Required action =
Please keep pictures out and return the lines below exactly, from the one holding "ee实拍58*13.6*7.2平安镯 天然缅甸翡翠手镯飘花胶感正圈玉镯子" through the last, both included.

Data extract =
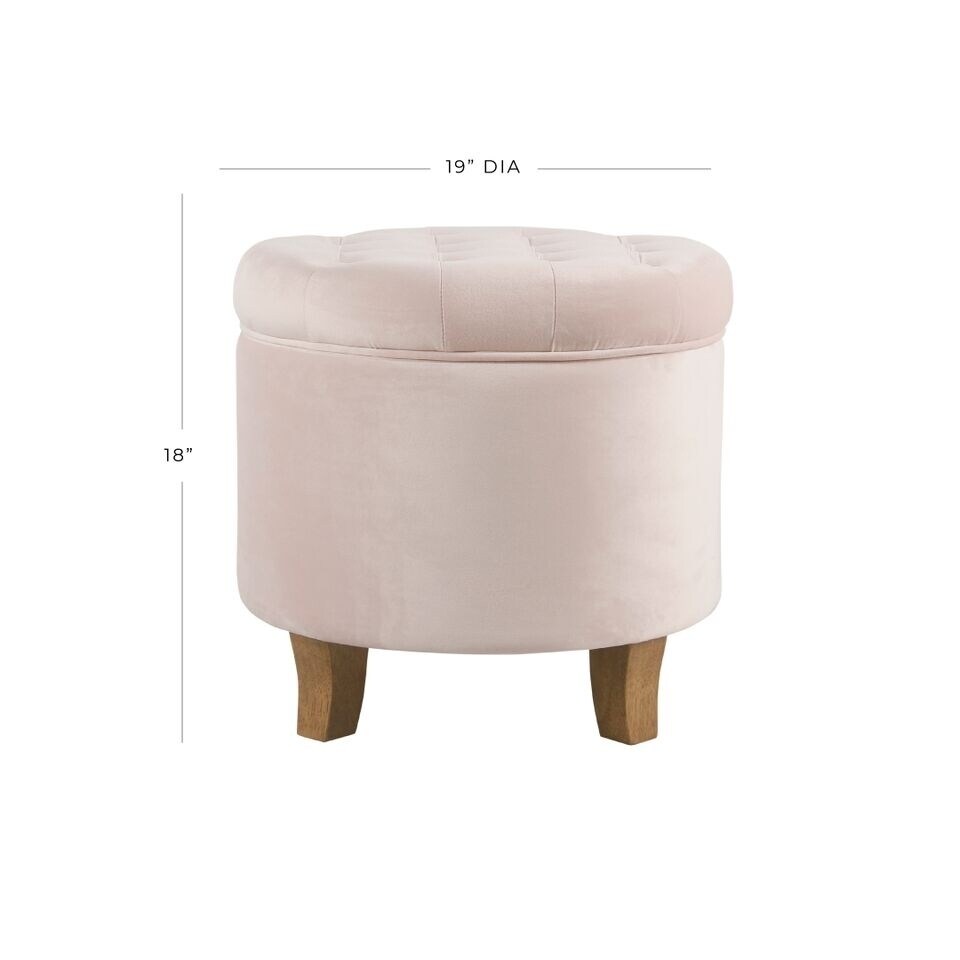 Homepop Velvet Tufted Round Storage Ottoman Pink Blush Free Homepop Velvet Tufted Round Storage Ottoman Pink Blush Free Shipping Today 20173121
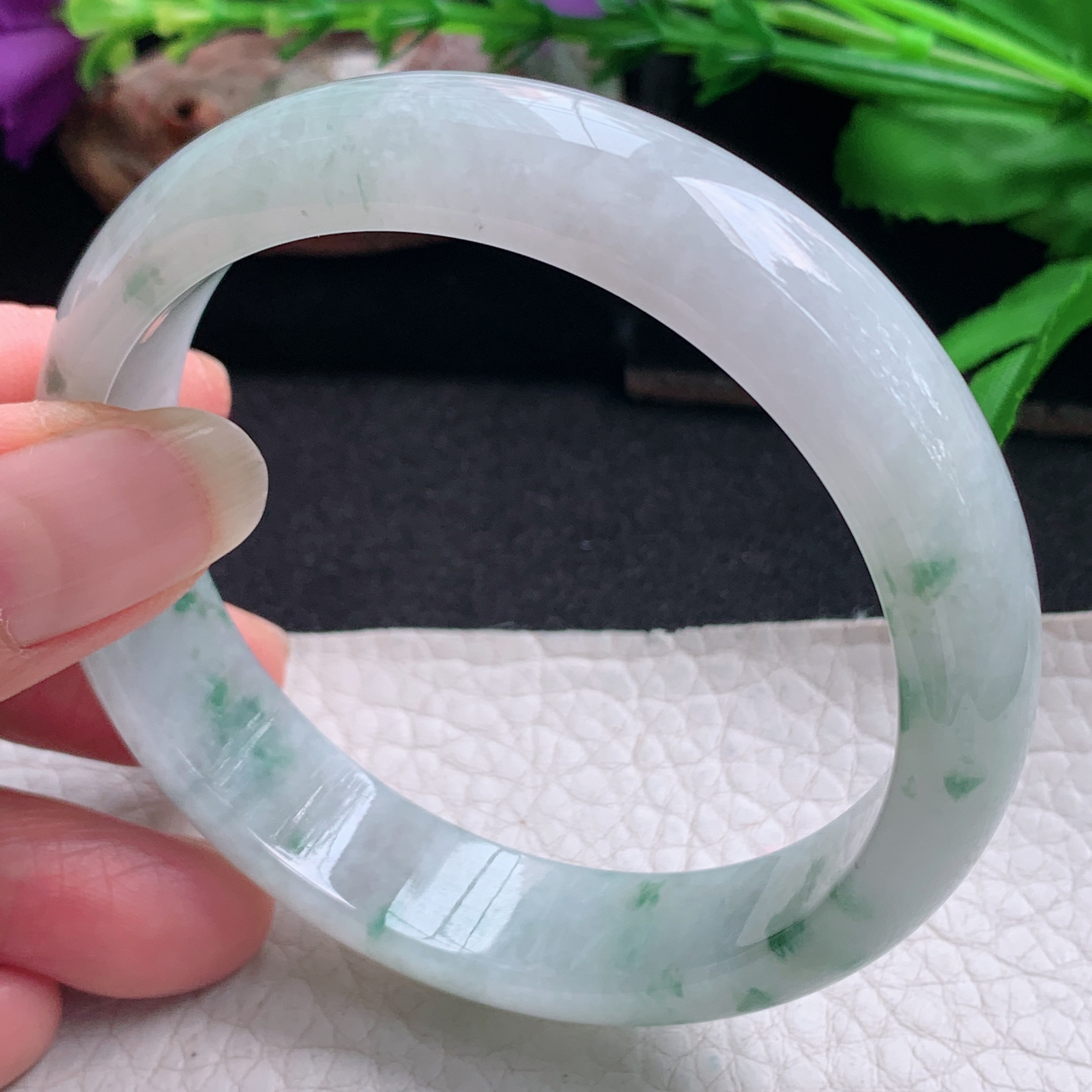 ee实拍58*13.6*7.2平安镯 天然缅甸翡翠手镯飘花胶感正圈玉镯子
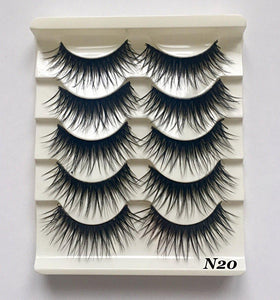 N20: Multi-Pack (5 Pairs) False Black Wispy Eyelashes-Eyelashes-Dramatic Eyelashes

Response area =
 ee实拍58*13.6*7.2平安镯 天然缅甸翡翠手镯飘花胶感正圈玉镯子
 N20: Multi-Pack (5 Pairs) False Black Wispy Eyelashes-Eyelashes-Dramatic Eyelashes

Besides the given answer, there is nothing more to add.